Sağlık Bakanlığı’nın toplumdaki aşılanma oranının %55’lerde olduğu söylemlerinin gerçeği yansıtmadığını belirten CTP, bu oranın çok daha düşük olduğunu söyledi.
Salgınla mücadelede en önemli iki araç olan test uygulamaları ve aşılamada oldukça geriden gidildiği belirtildi.
Açıklamada; “Hükümetin bugüne kadar beceremediği aşı tedarikini, planlamasını ve halkı bilinçlendirmeyi bundan sonra becerebileceğini düşünmek ölü gözünden yaş beklemeye benzer.” denildi.
Aşılamada geri olunmasının halk sağlığı açısından da büyük tehlike arz ettiğinin kaydedildiği açıklamada, ‘pandemi ile mücadeleyi de eğitim ve ekonomide olduğu gibi kurultaya kurban eden Azınlık Hükümeti’ istifaya davet edildi.
Açıklama şöyle:
“Ülkemizde Covid-19 salgını hız kesmiyor. Toplam vaka sayısı 20 bine yaklaştı. Bin 700’e yakın hastamız var, her geçen gün kaybettiğimiz hasta sayısı artıyor. Salgınla ön cephede mücadele eden sağlık çalışanlarımız yorgun. Aileler endişe içinde çocuklarını okula gönderdi, eğitimdeki kayıplar büyük. Ekonomi günden güne daralıyor, insanlarımız yoksullaşıyor, işletmeler dar boğazdan çıkamıyor.
Bütün bunlara karşın salgınla mücadelede en önemli iki araç olan test uygulamaları ve aşılamada yanlış politikalar, plansızlık ve beceriksizlik yüzünden oldukça geri durumdayız. Altın standart PCR testlerinde daha belirgin olmak üzere, test sayılarında bulaş riskini artıracak ölçüde düşüş yaşanmaktadır. Dahası aşılamada hedeften fersah fersah uzak olmamız halk sağlığı açısından büyük tehlikedir. Sağlık Bakanlığı tarafından toplumdaki aşılanma oranı yüzde 55 olarak açıklanmıştır. Bu oran ilk iki dozu inaktif aşı (Sinovac) olup 4-6 ayı dolduranların yeniden aşılanması gerektiği gerçeği göz önüne alındığında çok daha düşüktür.

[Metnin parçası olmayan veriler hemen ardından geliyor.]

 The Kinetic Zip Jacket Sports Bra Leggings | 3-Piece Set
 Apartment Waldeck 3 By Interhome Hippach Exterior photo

Çok sayıda aşıya ihtiyacımız olduğu gerçeğiyle, aşı temin etmek için ‘hükümet’ derhal harekete geçmelidir. Hal böyleyken, 50 bin adet kadar AstraZeneca aşısının son kullanım tarihleri yaklaştığı gerekçesiyle Güney Kıbrıs’a geri iade edileceği haberi Kıbrıs Rum basınında geniş yer almıştır. Sağlık Bakanlığı’nın aşılarla ilgili bilgilendirme ve teşvik çalışmalarını yeterince yapmamış olması on binlerce AstraZeneca aşısının kullanılmaması ve elde kalmasıyla sonuçlanmıştır. Dahası 12-18 yaş arası çocukların aşılaması durmuş, 50 yaş altı inaktif aşı olanların yeniden aşılamasına başlanmamıştır. Ayrıca, çocuklarımızın okullarda PCR veya Antijen testlerine ulaşımının kolaylaştırılması ve denetimin sağlanması gerekmekteydi. Eğitimin kesintiye uğramaması için söz konusu adımlar daha önce atılmalıydı.
Aşı yoksa ve aşılama olmazsa salgınla baş edemeyiz. Hükümetin bugüne kadar beceremediği aşı tedarikini, planlamasını ve halkı bilinçlendirmeyi bundan sonra becerebileceğini düşünmek ölü gözünden yaş beklemeye benzer. Pandemi ile mücadeleyi de eğitim ve ekonomide olduğu gibi kurultaya kurban eden Azınlık Hükümeti derhal gitmelidir.”